The defining of micro-businesses and small businesses is long overdue. I commend the Government for doing that, but would issue a note of caution. In my view, the EU definition is not the right definition. The all-party parliamentary group for micro-businesses produced a report in 2012 that showed that research from America, Australia and other parts of Europe suggested that many countries had moved the definition of micros from 10 or fewer employees to five or fewer. That must be reviewed carefully.

The steps that the Government are taking on public procurement are first-class. However, the problem has not been fully addressed. The problem for small businesses, on top of the administrative burden and the red tape, is that those who are seeking to procure often look for an organisation that can supply five, six or 10 different products. Many small businesses provide only one product, which shuts them out of the opportunity altogether. That needs to be looked at.

I will not comment on the pub code, because the Government have done a first-class job with their proposals. Many of the proposals on employment law are also well drafted, particularly the changes to zero-hours contracts.

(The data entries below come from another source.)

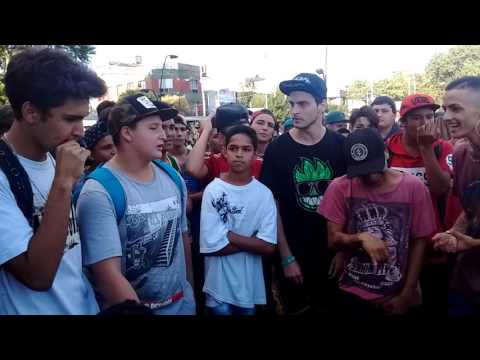 EL GALLITO DE MORON VS KIMOSABIS VS NAMS SOS UN TOPO / OCTAVOS ( 4EDICION )3VS3 - PUENTE EN LLAMAS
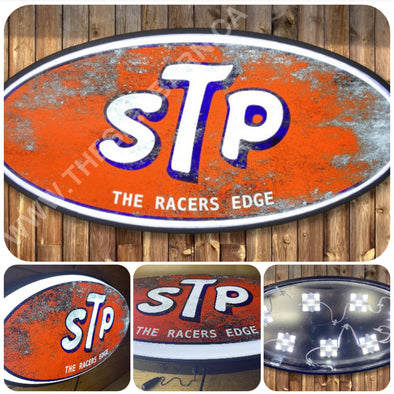 Stp 32’’ Backlit Led Oval Sign Design #V7110 Backlit Ovals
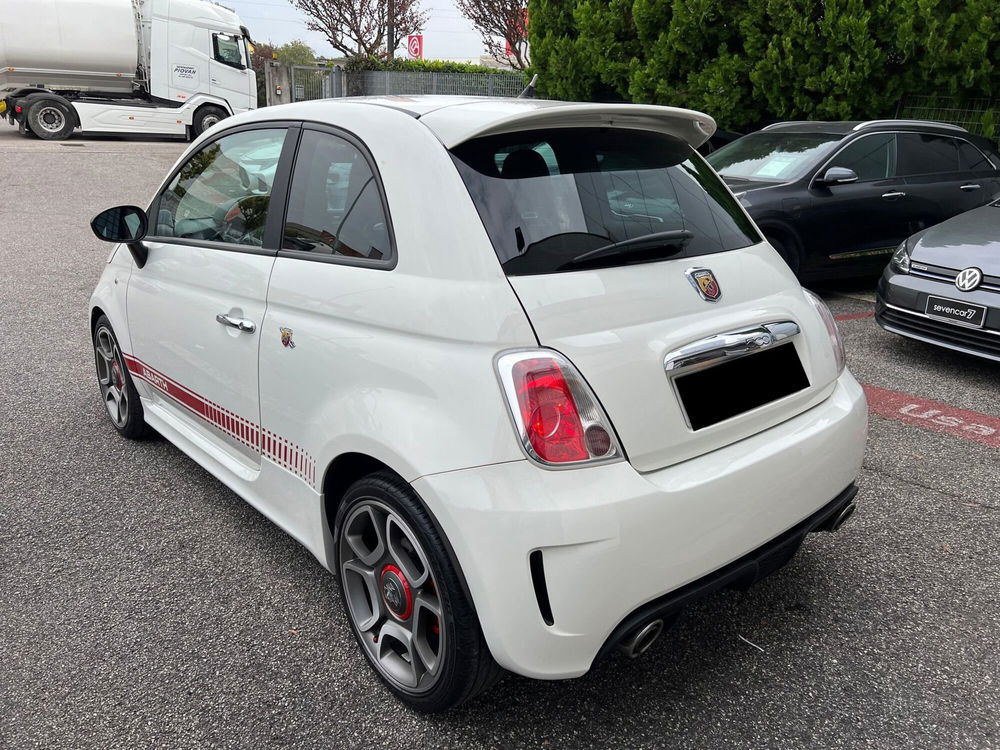 Abarth 500 usata a Verona (4)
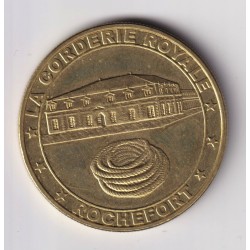Dept17 - Corderie royale Rochefort - 2009 - 34mm - Médailles et patrimoine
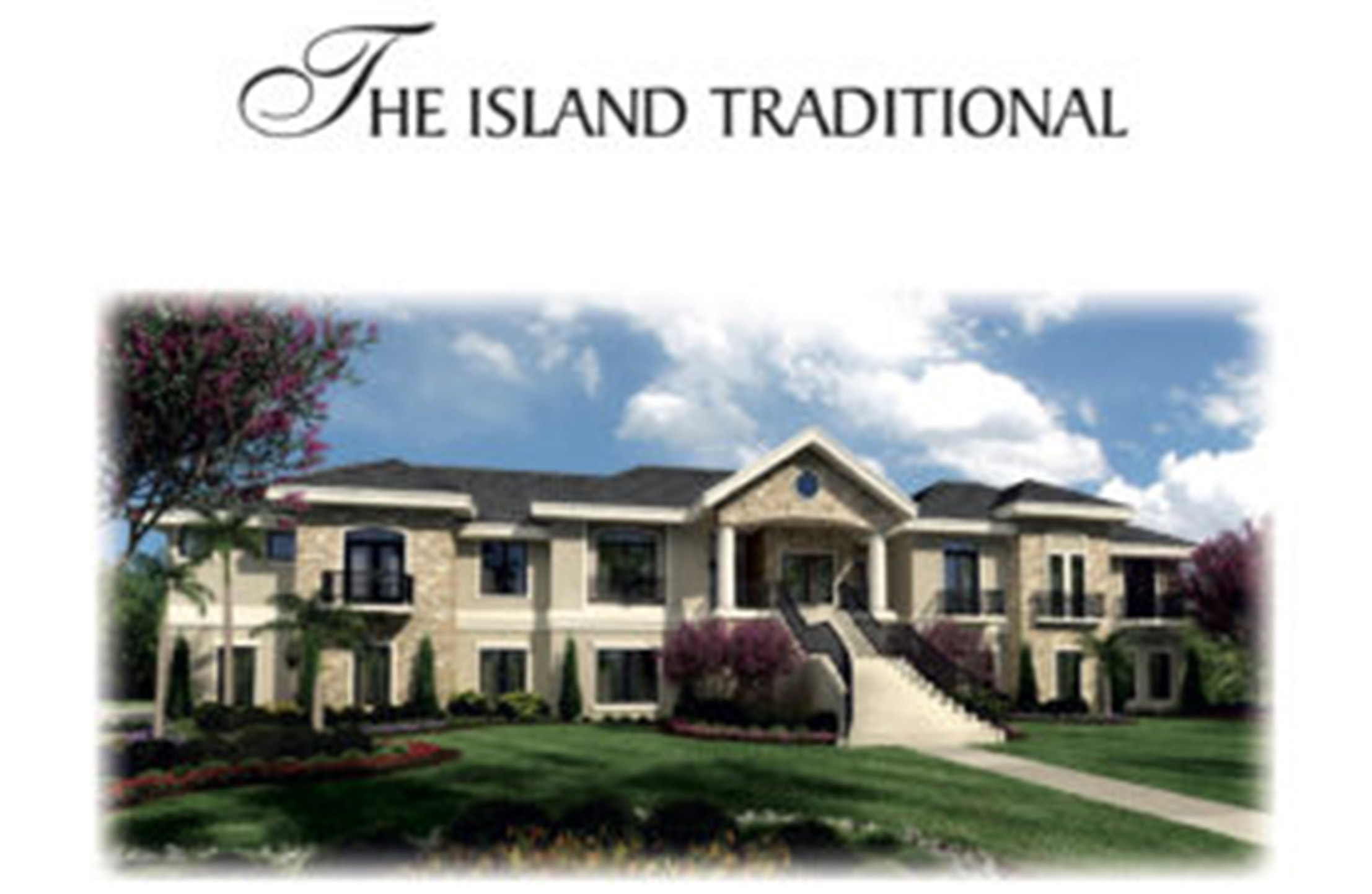 Carlton Naumann Custom Homes The Island Traditional 4 bedroom 4 bathroom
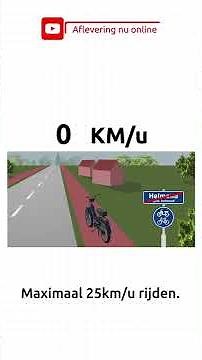 Snorfiets Snelheden.
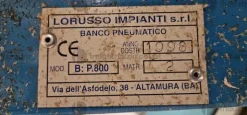 15#9701 Banconi da lavoro pneumatici
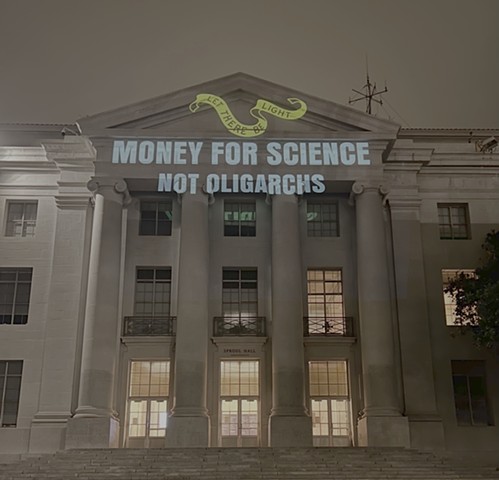 Money For Science Not Oligarchs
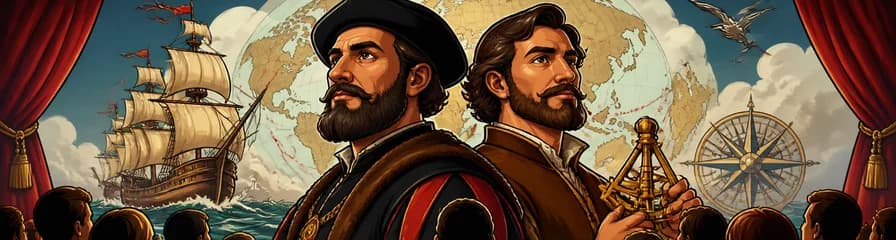 La Primera Circunnavegación del Mundo: Magallanes y Elcano en Escena
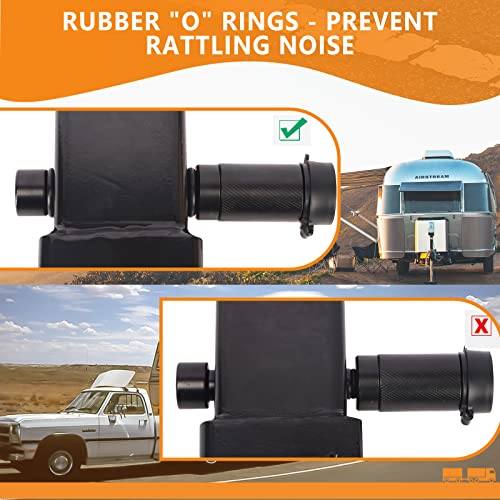 Trailer Hitch Locks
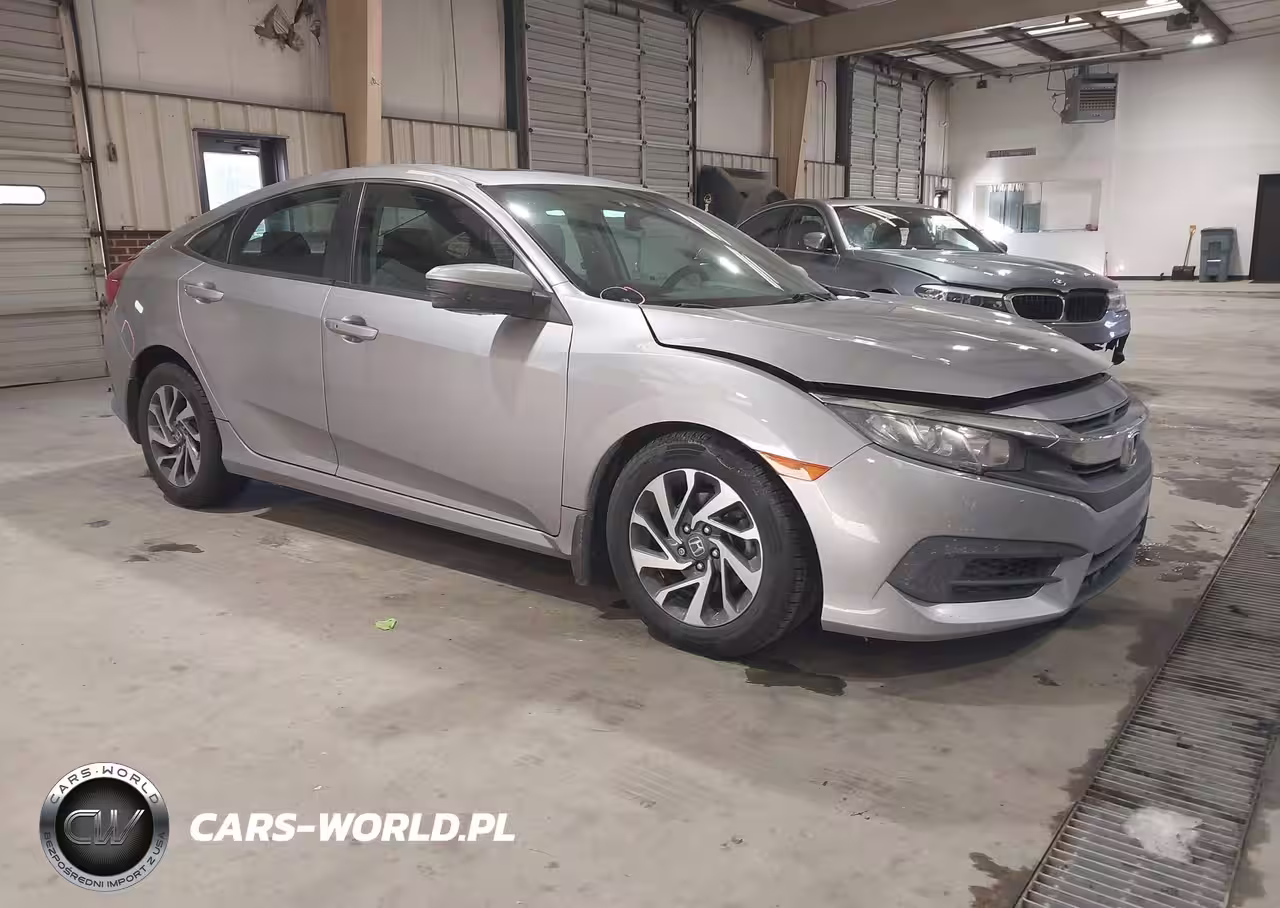 2017 Honda Civic Ex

I would like to know where we have got to with the Enterprise and Regulatory Reform Act 2013, which also looked at tribunals. It tried to minimise the number of people who go through the tribunal system by requiring people who want to go to tribunal to talk to ACAS as a first step or say that they are not interested. It also introduced settlement agreements. We must ask how successful those have been, because this is the last opportunity for the Government to fix anything that has not quite worked in that piece of legislation.

This is an excellent Bill and I commend it to the House. As a champion of all micro-businesses, I am sure that they will be very pleased about what the Government are endeavouring to do.

Some of my colleagues are at the memorial service for Paul Goggins and so are unable to be here, even though they contributed to the debate. I ask for the forbearance of the House for that.

We have had a fascinating and excellent debate that has demonstrated the passion that the House has for small businesses. In the four years since my right hon. Friend the Member for Doncaster North (Edward Miliband) first set out his determination to make his one nation Labour party the party of small business, there has been a welcome change across the political spectrum in the recognition of the importance of small businesses.

Like my hon. Friends the Members for Sefton Central (Bill Esterson) and for Rochdale (Simon Danczuk) and the hon. Members for City of Chester (Stephen Mosley) and for North Swindon (Justin Tomlinson), I am a former small business owner. We were described as heroes by the hon. Member for Bedford (Richard Fuller). I therefore know that although the Government’s words have been warm and welcoming, they have not always materialised into action for small businesses. Small business Saturday, which is a significant cross-party initiative, originated with my hon. Friend the Member for Streatham (Mr Umunna).

The Minister is not the first to confuse the two.

We welcome the fact that this is the first of the Government’s Bills to have small business in its title, and it contains a number of measures that we will support. Indeed, on pub companies, late payments, zero-hours contracts and takeovers, the Bill demonstrates the extent to which the Labour party has set the political agenda. However, in the final analysis, the Bill is a metaphor for the entire Government. They know that there are important things to do, they hear what some of the key issues are, but they cannot agree on what to do, so they deliver a Bill that fails fully to grasp the nature of the challenge that faces Britain if we are genuinely to rebalance the country’s economy, support more small business growth, and create an economy that works for the many and not just the few. Members on both sides of the House are pleased that there is a small business Bill, but the sense of a missed opportunity was widely articulated by them.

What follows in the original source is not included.